> _Material to process_
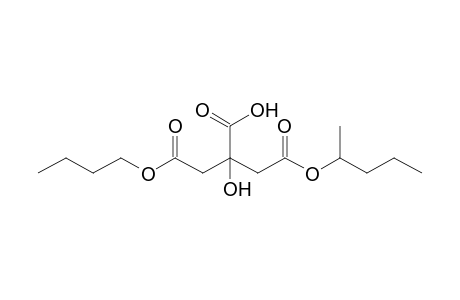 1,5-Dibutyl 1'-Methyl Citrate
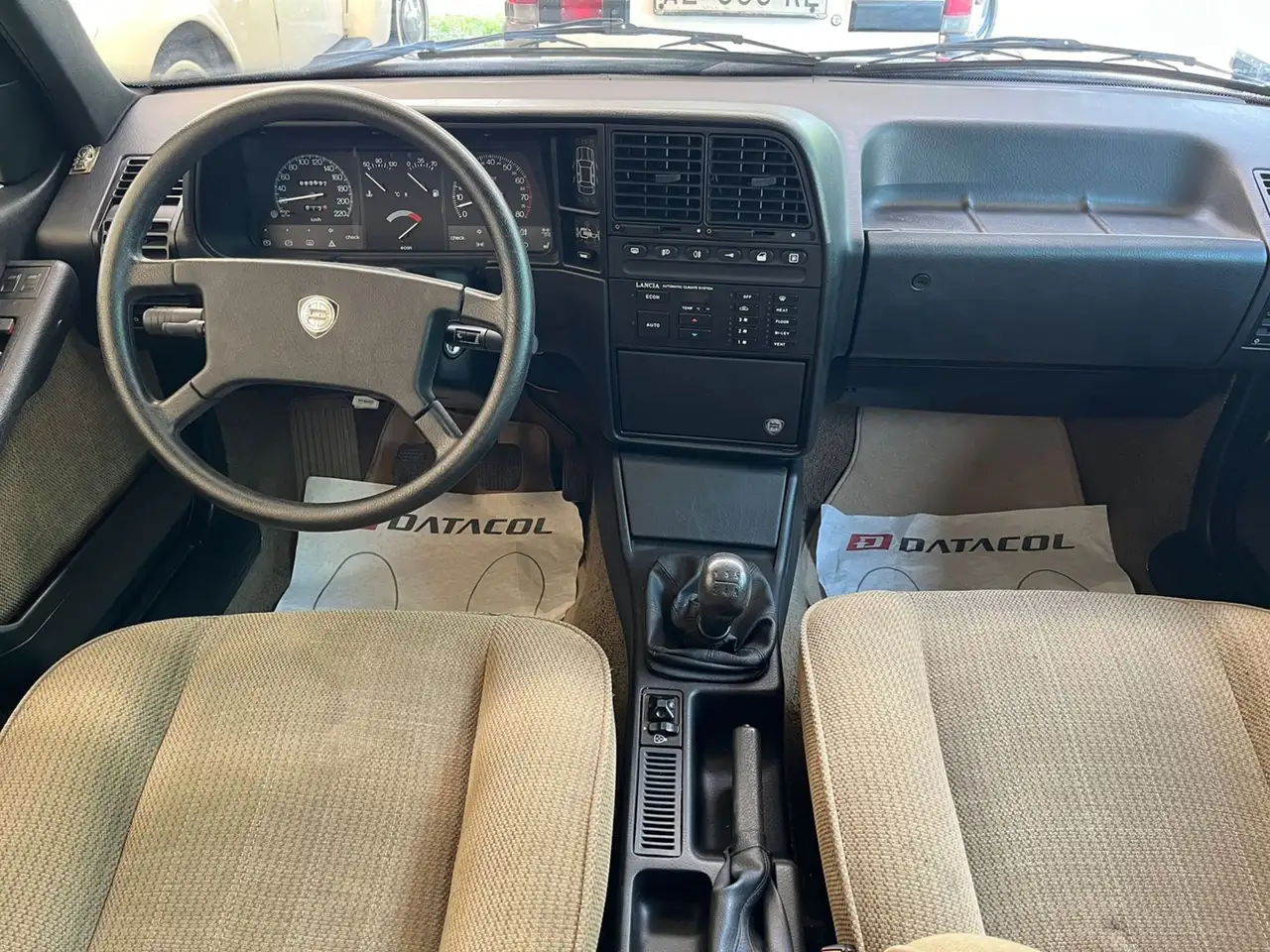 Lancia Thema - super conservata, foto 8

--

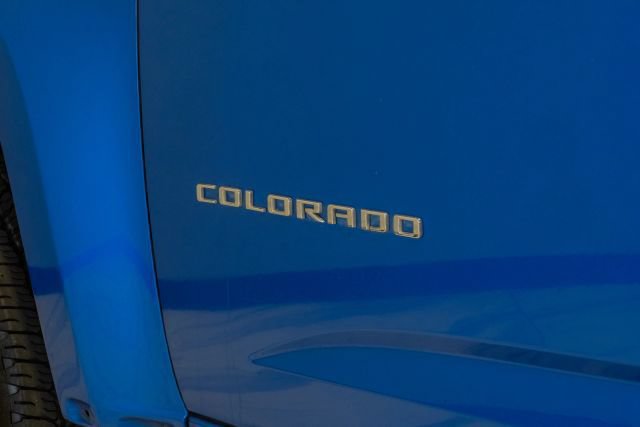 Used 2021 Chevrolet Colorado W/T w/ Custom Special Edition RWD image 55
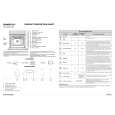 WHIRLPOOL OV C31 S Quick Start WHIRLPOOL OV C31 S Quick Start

> _Requirement_
For this task, return exactly the stretch of the listing above from the line with "Used 2021 Chevrolet" through the line with "WHIRLPOOL OV C31 S Quick Start WHIRLPOOL", inclusive and without pictures.

> _Result of this task_
 Used 2021 Chevrolet Colorado W/T w/ Custom Special Edition RWD image 55
 WHIRLPOOL OV C31 S Quick Start WHIRLPOOL OV C31 S Quick Start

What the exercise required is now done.